- [Aim of the exercise]: What's wanted is a faithful retyping of every entry, pictures excluded.

- [Recorded information]:
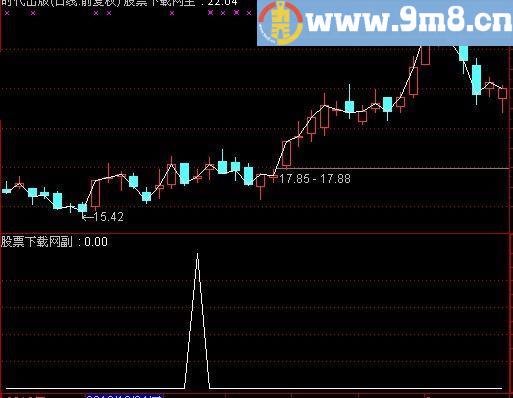通达信一阳穿三角托选股指标(源码)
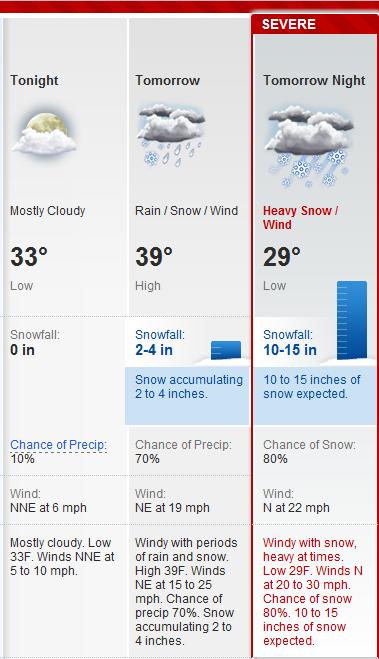 Forecast.jpg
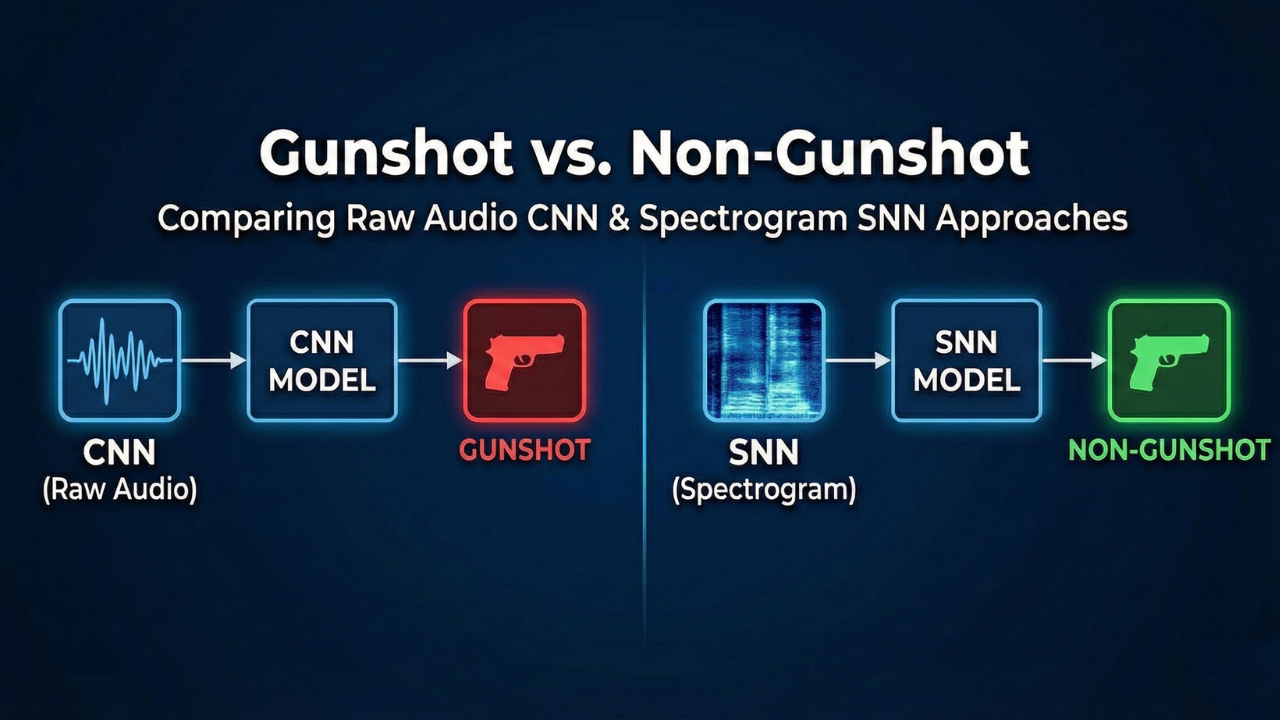 Gunshot Audio Classification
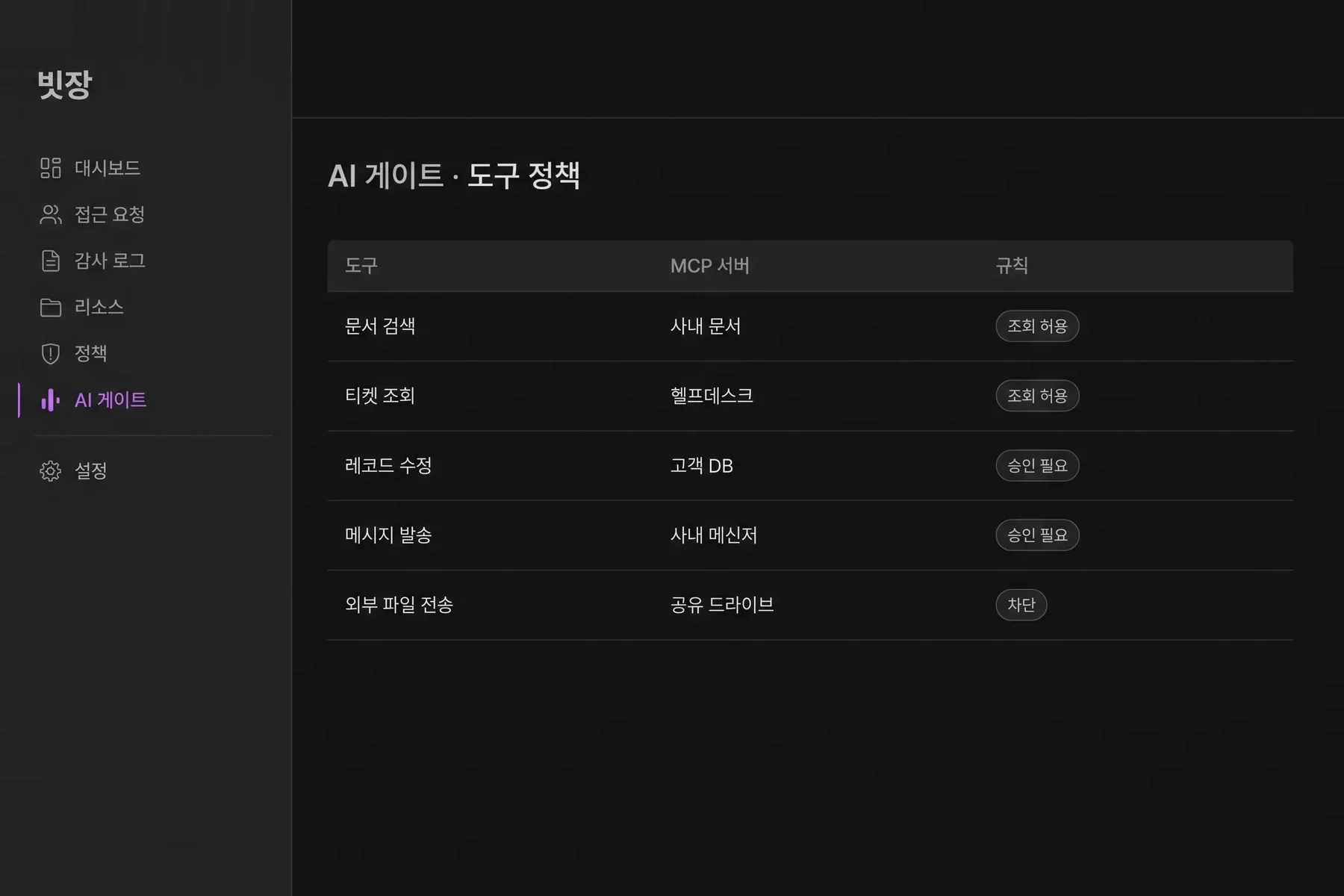 빗장 AI 게이트의 도구 정책 화면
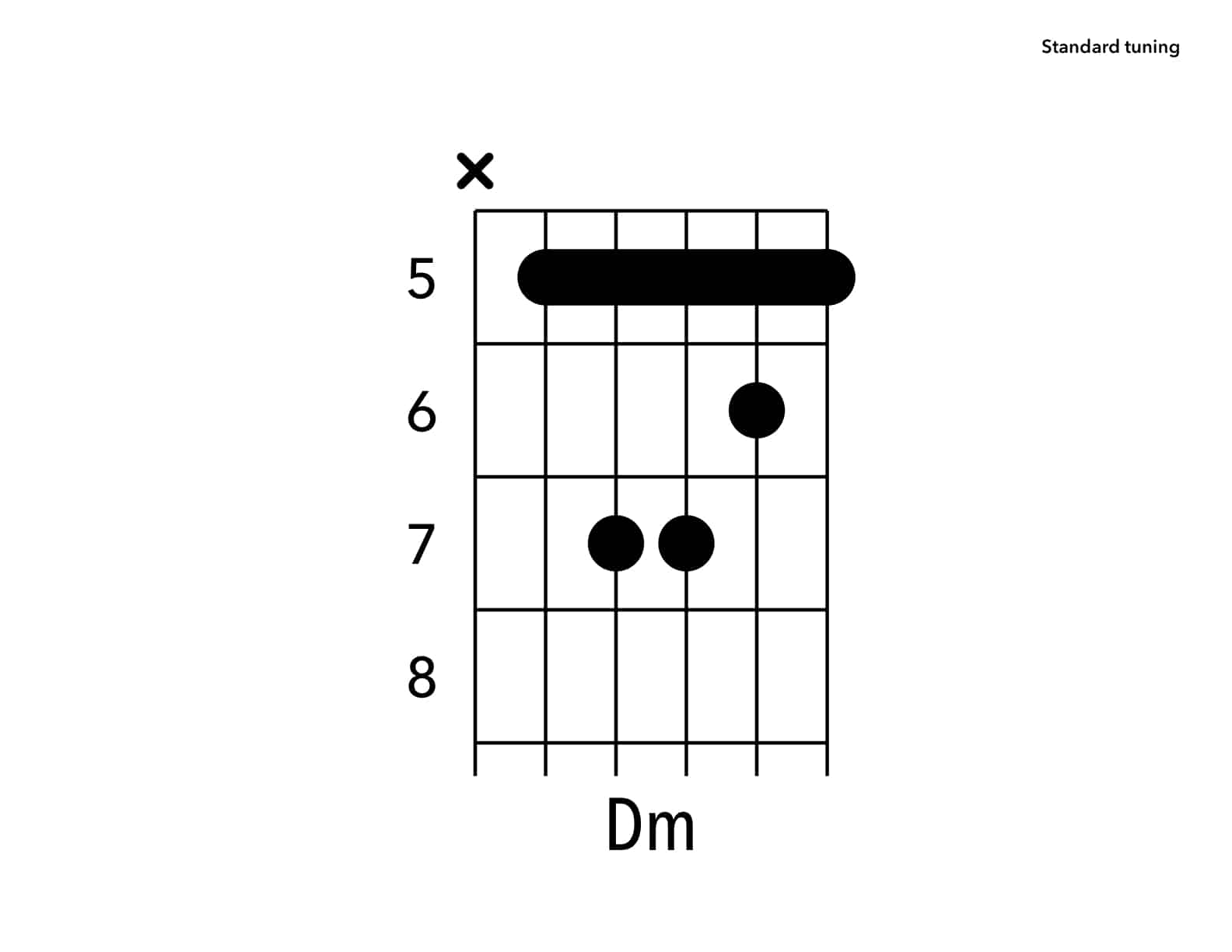 Аккорд dm с баррэ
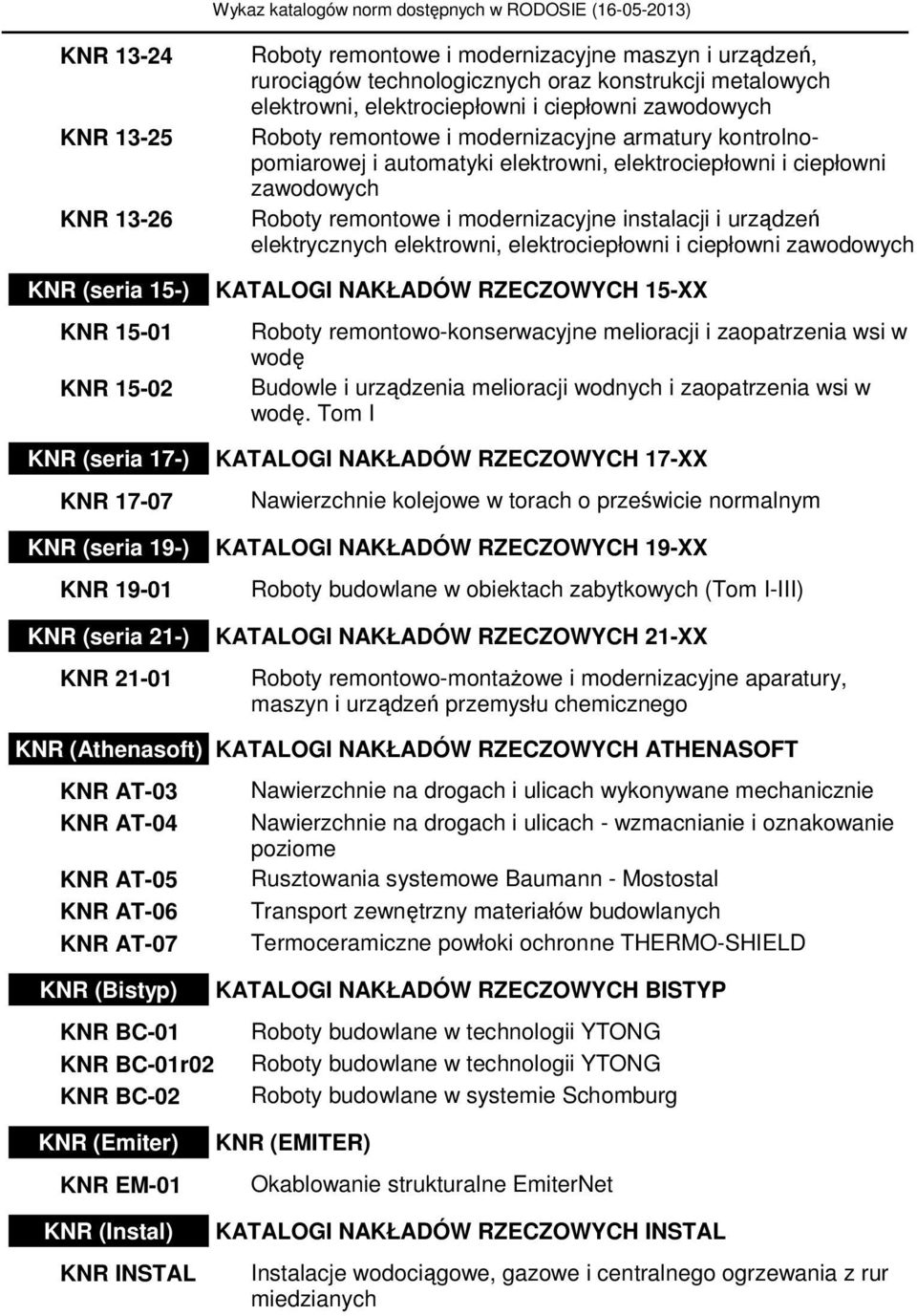 modernizacyjne armatury kontrolnopomiarowej i automatyki elektrowni, elektrociepłowni i ciepłowni zawodowych Roboty remontowe i modernizacyjne instalacji i urządzeń elektrycznych elektrowni,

- [Exercise answer]:
通达信一阳穿三角托选股指标(源码)
 Forecast.jpg
 Gunshot Audio Classification
 빗장 AI 게이트의 도구 정책 화면
 Аккорд dm с баррэ
 modernizacyjne armatury kontrolnopomiarowej i automatyki elektrowni, elektrociepłowni i ciepłowni zawodowych Roboty remontowe i modernizacyjne instalacji i urządzeń elektrycznych elektrowni,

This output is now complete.